Problem requirements: Here is the listing. Print it exactly.

····················

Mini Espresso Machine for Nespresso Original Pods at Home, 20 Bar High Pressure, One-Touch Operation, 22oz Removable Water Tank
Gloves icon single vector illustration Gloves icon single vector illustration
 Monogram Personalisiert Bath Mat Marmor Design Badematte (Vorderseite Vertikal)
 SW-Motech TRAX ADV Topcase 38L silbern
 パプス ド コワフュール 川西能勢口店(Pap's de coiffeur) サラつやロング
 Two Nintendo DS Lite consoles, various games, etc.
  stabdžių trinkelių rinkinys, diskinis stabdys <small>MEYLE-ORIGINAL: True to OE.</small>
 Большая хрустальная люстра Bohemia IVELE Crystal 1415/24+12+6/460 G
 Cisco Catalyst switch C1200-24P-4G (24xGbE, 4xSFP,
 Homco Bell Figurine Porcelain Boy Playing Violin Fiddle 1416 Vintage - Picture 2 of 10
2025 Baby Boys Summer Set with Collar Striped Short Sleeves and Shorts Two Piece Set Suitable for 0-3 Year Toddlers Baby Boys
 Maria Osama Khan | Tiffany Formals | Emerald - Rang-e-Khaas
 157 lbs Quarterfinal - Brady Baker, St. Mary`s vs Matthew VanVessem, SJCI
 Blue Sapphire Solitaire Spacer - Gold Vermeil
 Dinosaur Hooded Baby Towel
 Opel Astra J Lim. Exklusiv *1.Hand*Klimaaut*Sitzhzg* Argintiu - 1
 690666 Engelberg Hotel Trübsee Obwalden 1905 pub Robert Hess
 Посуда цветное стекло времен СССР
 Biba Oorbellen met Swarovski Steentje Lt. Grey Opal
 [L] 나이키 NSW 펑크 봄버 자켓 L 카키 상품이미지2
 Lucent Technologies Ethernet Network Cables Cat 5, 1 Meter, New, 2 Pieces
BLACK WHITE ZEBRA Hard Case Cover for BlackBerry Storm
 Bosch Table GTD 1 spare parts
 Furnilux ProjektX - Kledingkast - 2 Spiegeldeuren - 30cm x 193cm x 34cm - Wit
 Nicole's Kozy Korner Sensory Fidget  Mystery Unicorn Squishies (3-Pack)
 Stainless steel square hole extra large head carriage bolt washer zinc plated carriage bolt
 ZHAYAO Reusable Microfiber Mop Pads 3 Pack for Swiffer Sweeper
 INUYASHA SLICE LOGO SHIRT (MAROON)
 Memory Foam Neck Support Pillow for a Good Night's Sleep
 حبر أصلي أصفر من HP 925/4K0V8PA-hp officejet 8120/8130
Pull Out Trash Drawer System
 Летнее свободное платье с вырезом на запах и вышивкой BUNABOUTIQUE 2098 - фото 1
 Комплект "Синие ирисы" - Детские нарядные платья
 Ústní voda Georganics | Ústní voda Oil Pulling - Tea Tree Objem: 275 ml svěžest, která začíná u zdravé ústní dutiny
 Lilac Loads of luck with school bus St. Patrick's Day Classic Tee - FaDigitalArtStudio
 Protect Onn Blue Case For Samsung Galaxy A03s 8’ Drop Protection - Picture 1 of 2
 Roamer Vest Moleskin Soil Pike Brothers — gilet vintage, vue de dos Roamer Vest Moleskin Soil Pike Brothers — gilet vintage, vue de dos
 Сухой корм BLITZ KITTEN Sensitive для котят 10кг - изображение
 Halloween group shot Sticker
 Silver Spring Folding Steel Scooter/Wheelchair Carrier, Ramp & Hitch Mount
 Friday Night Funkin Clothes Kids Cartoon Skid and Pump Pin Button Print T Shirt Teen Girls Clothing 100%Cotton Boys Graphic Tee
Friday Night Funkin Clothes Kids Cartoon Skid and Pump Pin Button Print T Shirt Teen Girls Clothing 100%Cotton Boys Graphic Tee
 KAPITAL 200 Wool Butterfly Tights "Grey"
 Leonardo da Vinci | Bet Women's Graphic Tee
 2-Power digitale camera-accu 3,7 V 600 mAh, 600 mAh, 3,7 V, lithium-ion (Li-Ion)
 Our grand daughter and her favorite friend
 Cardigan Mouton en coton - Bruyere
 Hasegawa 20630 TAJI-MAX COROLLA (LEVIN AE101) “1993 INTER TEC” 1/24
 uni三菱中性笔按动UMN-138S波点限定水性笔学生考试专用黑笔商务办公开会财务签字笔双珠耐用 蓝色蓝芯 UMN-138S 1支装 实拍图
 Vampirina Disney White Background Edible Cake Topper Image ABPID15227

····················

Your response:
Mini Espresso Machine for Nespresso Original Pods at Home, 20 Bar High Pressure, One-Touch Operation, 22oz Removable Water Tank
Gloves icon single vector illustration Gloves icon single vector illustration
 Monogram Personalisiert Bath Mat Marmor Design Badematte (Vorderseite Vertikal)
 SW-Motech TRAX ADV Topcase 38L silbern
 パプス ド コワフュール 川西能勢口店(Pap's de coiffeur) サラつやロング
 Two Nintendo DS Lite consoles, various games, etc.
  stabdžių trinkelių rinkinys, diskinis stabdys <small>MEYLE-ORIGINAL: True to OE.</small>
 Большая хрустальная люстра Bohemia IVELE Crystal 1415/24+12+6/460 G
 Cisco Catalyst switch C1200-24P-4G (24xGbE, 4xSFP,
 Homco Bell Figurine Porcelain Boy Playing Violin Fiddle 1416 Vintage - Picture 2 of 10
2025 Baby Boys Summer Set with Collar Striped Short Sleeves and Shorts Two Piece Set Suitable for 0-3 Year Toddlers Baby Boys
 Maria Osama Khan | Tiffany Formals | Emerald - Rang-e-Khaas
 157 lbs Quarterfinal - Brady Baker, St. Mary`s vs Matthew VanVessem, SJCI
 Blue Sapphire Solitaire Spacer - Gold Vermeil
 Dinosaur Hooded Baby Towel
 Opel Astra J Lim. Exklusiv *1.Hand*Klimaaut*Sitzhzg* Argintiu - 1
 690666 Engelberg Hotel Trübsee Obwalden 1905 pub Robert Hess
 Посуда цветное стекло времен СССР
 Biba Oorbellen met Swarovski Steentje Lt. Grey Opal
 [L] 나이키 NSW 펑크 봄버 자켓 L 카키 상품이미지2
 Lucent Technologies Ethernet Network Cables Cat 5, 1 Meter, New, 2 Pieces
BLACK WHITE ZEBRA Hard Case Cover for BlackBerry Storm
 Bosch Table GTD 1 spare parts
 Furnilux ProjektX - Kledingkast - 2 Spiegeldeuren - 30cm x 193cm x 34cm - Wit
 Nicole's Kozy Korner Sensory Fidget  Mystery Unicorn Squishies (3-Pack)
 Stainless steel square hole extra large head carriage bolt washer zinc plated carriage bolt
 ZHAYAO Reusable Microfiber Mop Pads 3 Pack for Swiffer Sweeper
 INUYASHA SLICE LOGO SHIRT (MAROON)
 Memory Foam Neck Support Pillow for a Good Night's Sleep
 حبر أصلي أصفر من HP 925/4K0V8PA-hp officejet 8120/8130
Pull Out Trash Drawer System
 Летнее свободное платье с вырезом на запах и вышивкой BUNABOUTIQUE 2098 - фото 1
 Комплект "Синие ирисы" - Детские нарядные платья
 Ústní voda Georganics | Ústní voda Oil Pulling - Tea Tree Objem: 275 ml svěžest, která začíná u zdravé ústní dutiny
 Lilac Loads of luck with school bus St. Patrick's Day Classic Tee - FaDigitalArtStudio
 Protect Onn Blue Case For Samsung Galaxy A03s 8’ Drop Protection - Picture 1 of 2
 Roamer Vest Moleskin Soil Pike Brothers — gilet vintage, vue de dos Roamer Vest Moleskin Soil Pike Brothers — gilet vintage, vue de dos
 Сухой корм BLITZ KITTEN Sensitive для котят 10кг - изображение
 Halloween group shot Sticker
 Silver Spring Folding Steel Scooter/Wheelchair Carrier, Ramp & Hitch Mount
 Friday Night Funkin Clothes Kids Cartoon Skid and Pump Pin Button Print T Shirt Teen Girls Clothing 100%Cotton Boys Graphic Tee
Friday Night Funkin Clothes Kids Cartoon Skid and Pump Pin Button Print T Shirt Teen Girls Clothing 100%Cotton Boys Graphic Tee
 KAPITAL 200 Wool Butterfly Tights "Grey"
 Leonardo da Vinci | Bet Women's Graphic Tee
 2-Power digitale camera-accu 3,7 V 600 mAh, 600 mAh, 3,7 V, lithium-ion (Li-Ion)
 Our grand daughter and her favorite friend
 Cardigan Mouton en coton - Bruyere
 Hasegawa 20630 TAJI-MAX COROLLA (LEVIN AE101) “1993 INTER TEC” 1/24
 uni三菱中性笔按动UMN-138S波点限定水性笔学生考试专用黑笔商务办公开会财务签字笔双珠耐用 蓝色蓝芯 UMN-138S 1支装 实拍图
 Vampirina Disney White Background Edible Cake Topper Image ABPID15227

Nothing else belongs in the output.